Канал Махмудие полон жидкой луной, ностальгической, как современнейшие и древние верлибры греческого поэта из Александрии Константиноса Кавафиса.
XVIII. Побежденная смерть и бессмертные
пытаюсь понять психологию древнего и современного Египта, изучая его народ, рассеянный между памятниками архитектуры, священными и бесценными статуями и саркофагами.
Поэт Нельсон Морпурго,51 глава движения египетских футуристов, ведёт меня в музей Александрии. Мы одни лицом к лицу с прошлым в молчании, пропитанном запахами горячей шерсти, селитры и ароматических растений. Его нарушает фугато52 смеющихся голосов и беспокойный звук шаркающих шагов. Это группа школьников, глаза из-под шарфов и чёрных покрывал; однако белые как лепестки камелии руки беззастенчиво ощупывают внушительную группу быков Аписов, поражённые размерами их детородных органов. Подобно тому, с каким благоговением она пьёт воду из Нила, точно так же любая девчушка надеется отыскать в этом почитаемом камне силу сотворения жизни.
Греков и римлян мало волновала эта проблема, и они часто отказывались от детей: египтяне, напротив, презирали и ненавидели бесплодных женщин. Уже окончательно установлено, что Сфинксов усердно тёрли, чтобы накормить женщин массой, которую удавалось соскрести: считалось, что это гарантирует их плодовитость. Такая любовь к жизни оттесняла саму смерть, придавливала её тяжестью полного и неразрушимого саркофага.
Гордость царей продолжала править мумиями или жизнями, навечно заблокированными в роскошных полостях пирамид.
Горячая человеческая солидарность, сила любви и братства и, прежде всего, желание одурачить смерть, привели к созданию общества бессмертных. Они были настолько счастливы вместе наслаждаться жизнью, что желали продлить её вместе в царстве побеждённой смерти.
Перед тем как обессмертить тело, плотно обернув его бинтами, пропитанными солью, его заполняли мясом специально выбранных для этой цели животных, обладавших особыми качествами.
Трудолюбивый и съедобный бык, свирепый и наводящий страх крокодил обожествлялись.
XIX. Гора башмаков погонщиков верблюдов
Эта навязчивая мысль о бессмертии сопровождала меня во время посещения университета в аль-Азхар.53 Просторный внутренний двор, окружённый портиками.
В глубине мечеть с куполом, теряющимся вверху в солнечной пыли, и минарет, отбрасывающий вниз, на циновки свежую тень. Атмосфера переполненного гудящего улья под многочисленными стрельчатыми арками. Около двадцати групп студентов.

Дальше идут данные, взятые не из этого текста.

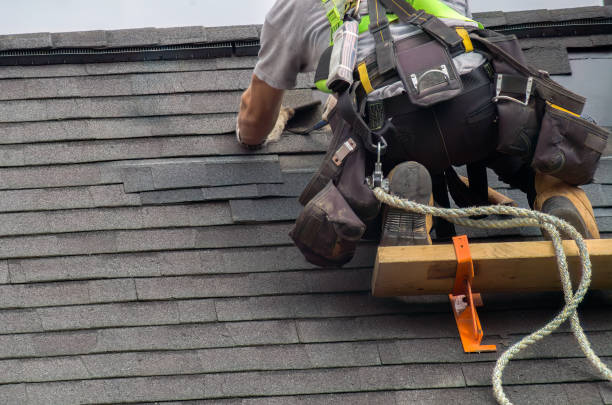 Reliable Storm Damage Roof Repair contractor in Vernonia, OR by Brentwood Metal Roofing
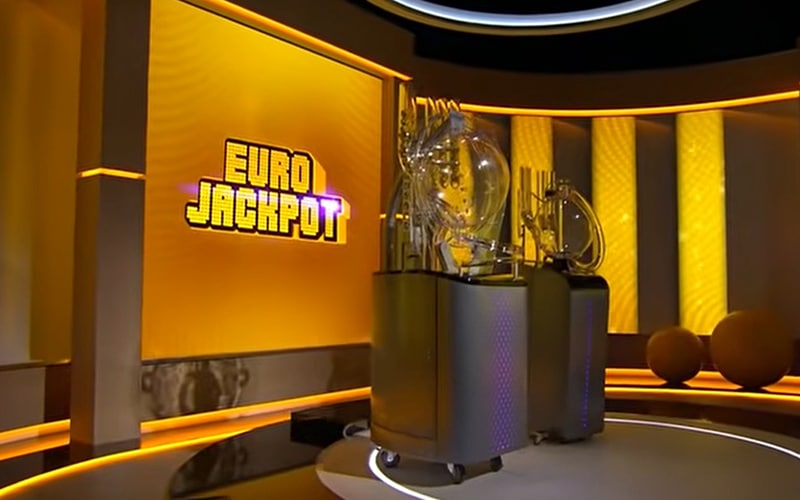 Eurojackpot brojevi - izvlačenje brojeva Eurojackpota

Каждая из них насчитывает примерно тридцать учащихся. Все возраста. Красные и белые фески и тюрбаны. Они слушают, сгрудившись вокруг скамьи, на которой сидит, скрестив ноги, профессор; он говорит, раскачиваясь всем телом. Ученики копируют колебания его торса, заворожённые вращением и гнусавой кантиленой вечного толкования Корана. Концентрические круги шёпота и молчания вокруг камня мудрости, падающего время от времени.
Сладковатый застоявшийся запах халвы, пищи и испражнений тел, занятых монотонными движениями и не ведающих приключений.
Покидая университет аль-Азхар, мы замечаем что-то вроде кучи дров, среди которых навалены башмаки и шлёпанцы студентов. Густо покрывающая их ностальгическая пыль всех дорог Африки и Азии ведёт беседу с просторной священной нишей, обращённой к Мекке. Синтетическая драма немых объектов, которые вбирает в себя необъятный ислам.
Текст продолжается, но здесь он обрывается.